I’m not a vegetarian anymore (was for 18 years though) and I came here to say someone isn’t clear on the definition of vegetarian. However I can see some people who would find this more ethical or environmental than say eating red meat.
Those meat replacements may end up killing/hurting more insects in the course of harvesting the ingredients than are hurt in producing the insects for human consumption. Raising crickets or mealworms for human consumption is conceivably more environmentally friendly than a field of soy beans.
You may be interested in this:
The life cycle of fig trees involves a particular species of wasp dying inside the growing fruit-- if you eat wild figs you are eating dead wasps too (apparently some species of cultivated figs in the US don’t require wasps to fertilize them, so if you’re a vegan and like figs you have an out.)
I can get it in certain contexts, but then you have the fun thing of caring about where the eggs come from.

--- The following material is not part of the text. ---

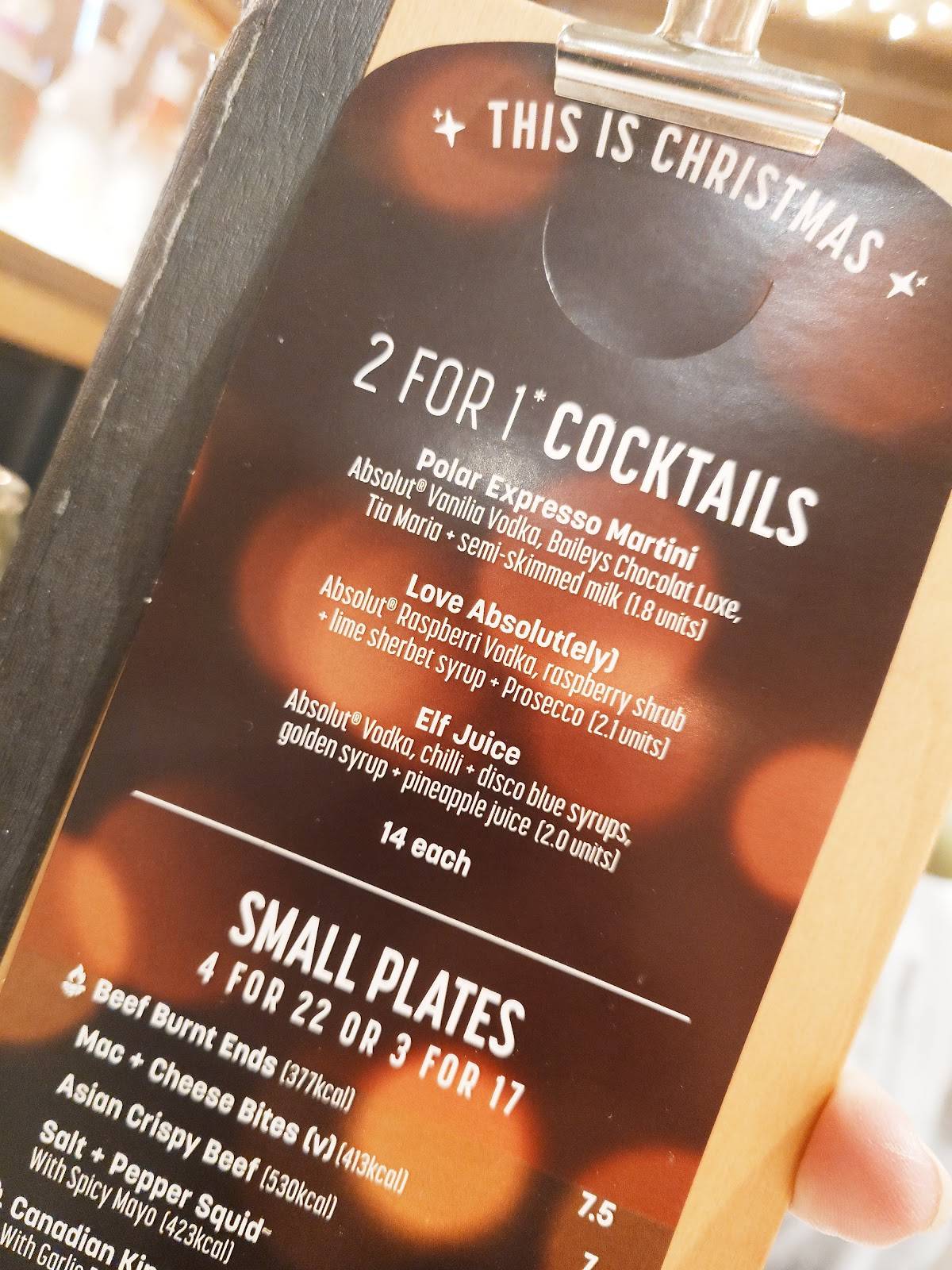 Bar + Block Steakhouse Whiteley меню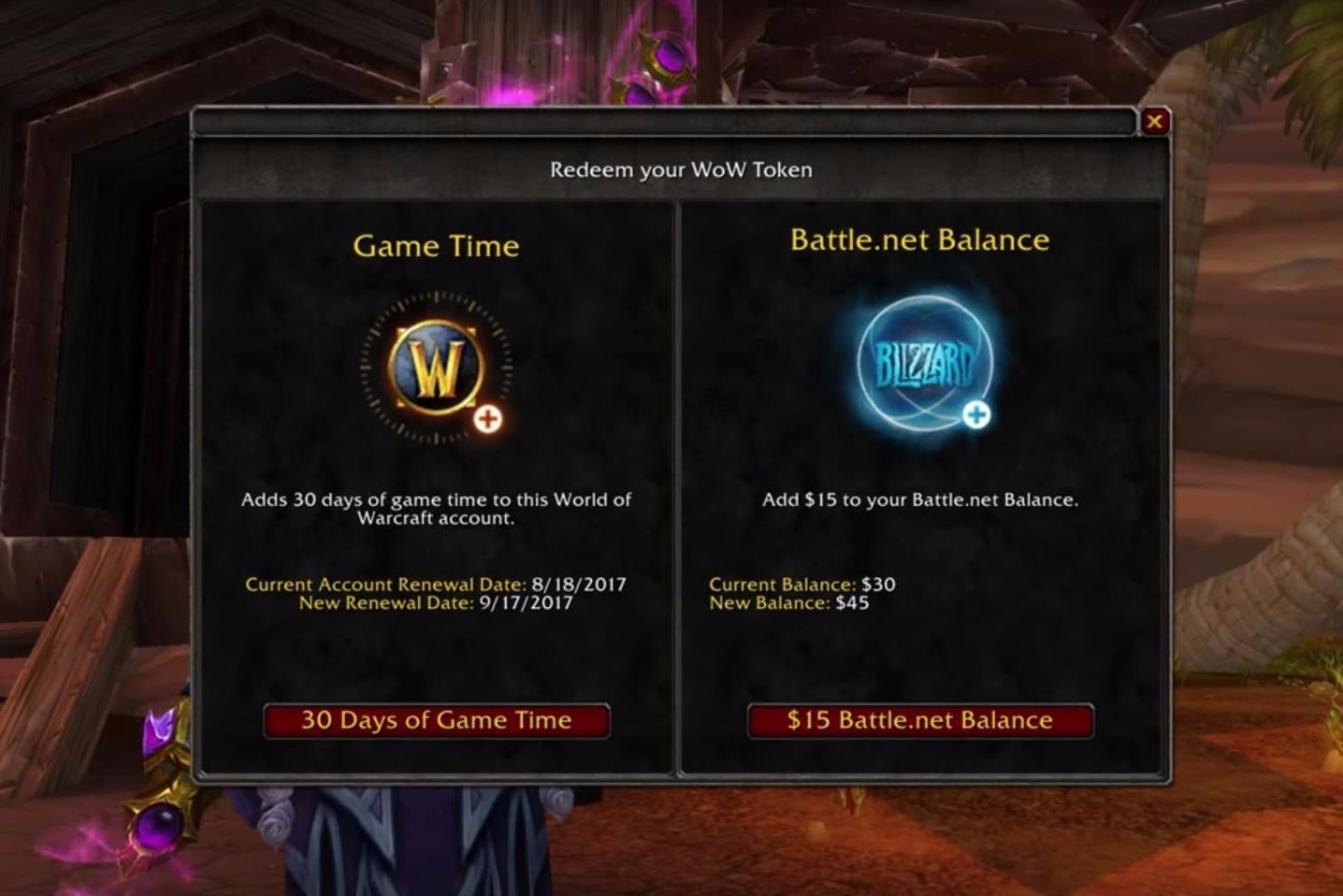 Imagen para Blizzard permite desde hoy cambiar oro en WoW por dinero de Battle.net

Were I vegan, I would eat the eggs from my family’s chickens, who are basically pets who happen to lay eggs.
Since ‘cruelty to animals’ is a big driver of vegan ideals, I’ve never understood why having your own backyard chicken coop or milking your own dairy cow is such a no-no, as long as they are treated well. My sister is a vegetarian, but she had a chicken coop in her back yard for years, the birds were basically free-range (the coop opened at dawn and closed at sunset automatically, the birds came out, ate bugs in the yard all day, knew enough to get back inside before dark.) She even cared for the old birds that wouldn’t lay anymore. They had a good life. . . at least until she had to move to a new place where they didn’t allow chickens.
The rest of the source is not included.